Kami Putra dan Putri Indonesia Mengaku Bertumpah Darah yang Satu, Tanah Air Indonesia.
Kami Putra dan Putri Mengaku Mengaku Berbangsa yang Satu, Bangsa Indonesia.
Kami Putra dan Putri Indonesia Menjunjung bahasa Persatuan, Bahasa Indonesia.
Bergelegar teriakan Ikrar ini pada 28 Oktober 1928 oleh pemuda - pemudi Nusantara yang kemudian menyatukan segala pemikiran dan gagasan yang akhirnya dikenal sebagai Sumpah Pemuda. Gerakan konsolidasi maha akbar dalam menggalang kekuatan massa menuju kemerdekaan negara yang kini kita kenal dengan nama Indonesia.
Negara yang diperjuangkan oleh para pendahulu kita ini adalah negeri yang didalamnya terbentang pulau - pulau nan indah, negeri yang memiliki beraneka ragam Suku, Budaya dan Bahasa. Ada yang menyebutnya sebagai penggalan surga yang di turunkan tuhan ke bumi. Indonesia yang disatukan kala itu kini laksana miniatur dunia yang didalamnya terdapat berbagai macam ciri fisik manusia. Berkulit Putih Bersih dan Berambut Lurus, Berkulit Kuning Langsat, bermata minimalis dan berambut lurus, Berkulit Sawo Matang Berambut Keriting, Hingga Berkulit Cokelat Gelap dan Berambut Ikal.
Di atas adalah keanekaragaman Indonesia yang mungkin jika kita narasikan dengan satu persatu akan membuat iri negara - negara lain yang tak seistimewa kita. Dengan jutaan perbedaan ini, kita disatukan dalam satu semboyan yang dicengkram dengan erat oleh kedua Paruh Garuda (Simbol Negara Kita) itulah "Bhineka Tunggal Ika" agar tidak ada lagi rasisme, penghinaan fisik dan menjunjung norma - norma yang berlaku dalam kehidupan bernegara kita.
Namun, upaya penanaman nila - nilai pancasila ini tampak kian hari kian meluntur dari tubuh penghuni negara yang dengan bebas mengantongi kartu tanda penduduk sebagai WNI tanpa diuji kelayakannya sebagai warga negara.
Pada Babak Pengisian Turnamen Nasional Soeratin Cup U17 yang digelar oleh PSSI telah menyisakan duka mendalam bagi putra - putra Nusa Tenggara Timur yang diwakili Oleh Klub Persap Alor. Begitu jelas meninggalkan sebuah nestapa sebagai tamu yang berbeda secara fisik dari atas tribun penonton cacian dan penghinaan fisik (Hitam dan Kriting) mengalir laksana hujan panah api yang menikam hati putra putri tanah air yang datang untuk mengikuti hajatan.

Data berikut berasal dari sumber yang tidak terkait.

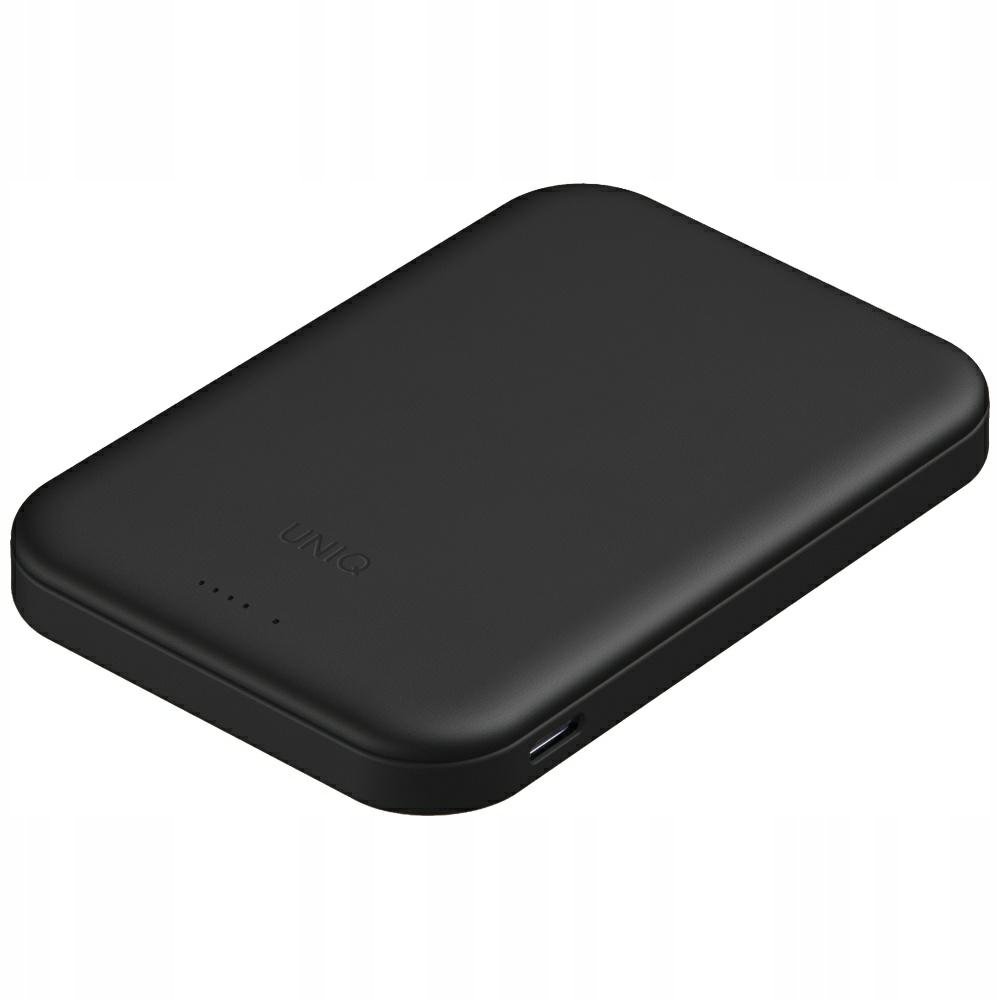 Powerbank UNIQ Lyden Lexa Magnetic 5000mAh PD USB-C MagSafe czarny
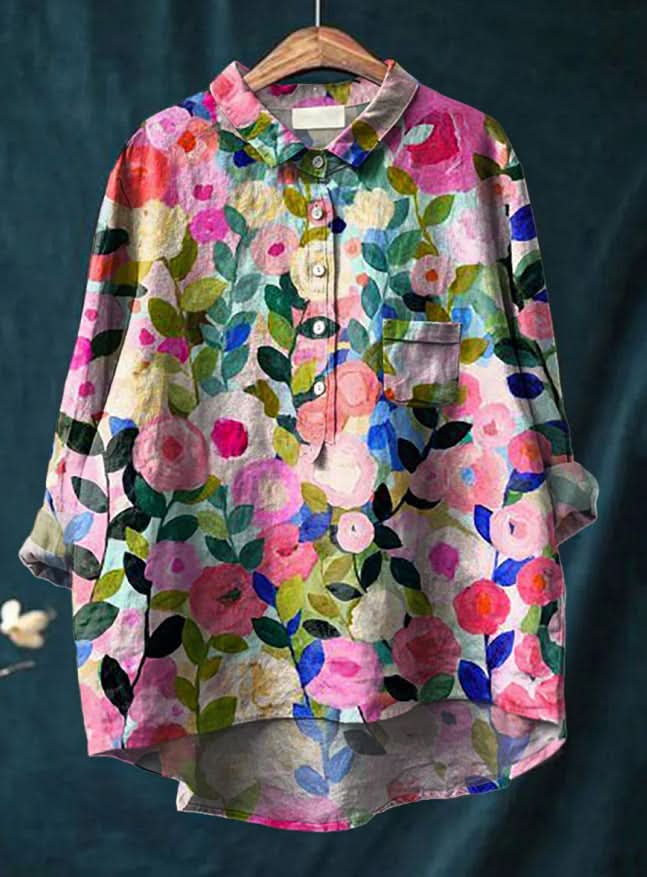 Elena – Camicia a Fiori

"Raimu Cok, Jancok, Raimu Ireng". Demikian hujatan itu kembali terlontar melalui tribun barat Stadion Brantas Kota Batu. Pertandingan tim NTT yang diwakili oleh Persap Alor dan Jawa Timur yang diwakili oleh Blitar. Mungkin secara objektif teriakan itu bukanlah suatu permasalahan serius hingga aparat keamanan yang turun melakukan pengamanan tidak terlalu merespon. Namun sebagai anak bangsa yang diajarkan dengan bekal ilmu bernegara, tentu ini adalah fenomena yang sangat disayangkan.
Perlu diketahui dan perlu diingat bahwa gemuruh konflik yang terjadi di Papua berawal dari sifat dan ujaran rasisme yang terjadi di Surabaya Jawa Timur hingga menjadi polemik berkepanjangan dan membut berbagai program pembangunan di negara ini sempat mandek. Apakah KONI, PSSI dan Pemprov Jatim sudah lupa akan hal ini?
Jika sudah lupa mari kita ingat bersama. Teruntuk PSSI dan KONI, mereka yang beberapa waktu lalu hadir dan diperlakukan layaknya orang - orang tak bernegara dan bukan saudara sebangsa itu adalah orang - orang yang pembangunan dan pengembangan SDM serta Infrastrukturnya tidak terlalu diperhatikan seperti masyarakat Papua.
Mereka yang hadir memenuhi undangan anda adalah mereka yang harus berjuang seirit mungkin dengan Dana KONI Kabupaten sejumlah 1M per-tahun untuk 17 Cabang Olahraga di Kabupatennya hingga harus mengabaikan kebutuhan atlit di cabang olahraga lain (Itu Demi menghormati Undanganmu).